SOURCE MATERIAL:

------------------------------------------------------------------------

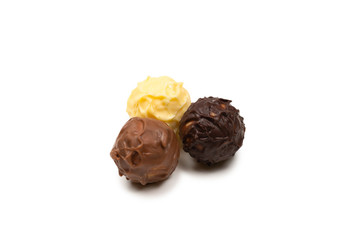Chocolate truffle isolated on white background.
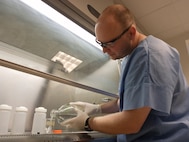 IMAGE: DAHLGREN, Va. - Dr. Tony Buhr, senior Naval Surface Warfare Center Dahlgren Division (NSWCDD) biologist, measures reagents for spore preparations in a biosafety cabinet at the NSWCDD Biosafety Level 2 Laboratory in this undated photo. Buhr received the 2017 Dr. Delores M. Etter Top Scientists and Engineers Award for Individual Engineers at a June 29, 2018 Pentagon ceremony in recognition of his contributions to the Navy's chemical, biological and radiological defense. Specifically, he was honored for his work in developing a new and highly reliable testing regimen for evaluating effectiveness in biological defenses, increasing the confidence level of those defenses up to 95 percent.  (U.S. Navy photo/Released)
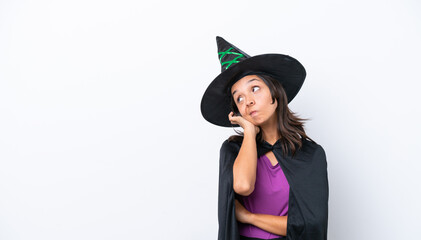 Young hispanic woman dressed as witch over isolated background thinking an idea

------------------------------------------------------------------------

INSTRUCTIONS TO FOLLOW: Pictures stay out. Write out everything else in the material exactly.

TASK RESPONSE:
Chocolate truffle isolated on white background.
 IMAGE: DAHLGREN, Va. - Dr. Tony Buhr, senior Naval Surface Warfare Center Dahlgren Division (NSWCDD) biologist, measures reagents for spore preparations in a biosafety cabinet at the NSWCDD Biosafety Level 2 Laboratory in this undated photo. Buhr received the 2017 Dr. Delores M. Etter Top Scientists and Engineers Award for Individual Engineers at a June 29, 2018 Pentagon ceremony in recognition of his contributions to the Navy's chemical, biological and radiological defense. Specifically, he was honored for his work in developing a new and highly reliable testing regimen for evaluating effectiveness in biological defenses, increasing the confidence level of those defenses up to 95 percent.  (U.S. Navy photo/Released)
 Young hispanic woman dressed as witch over isolated background thinking an idea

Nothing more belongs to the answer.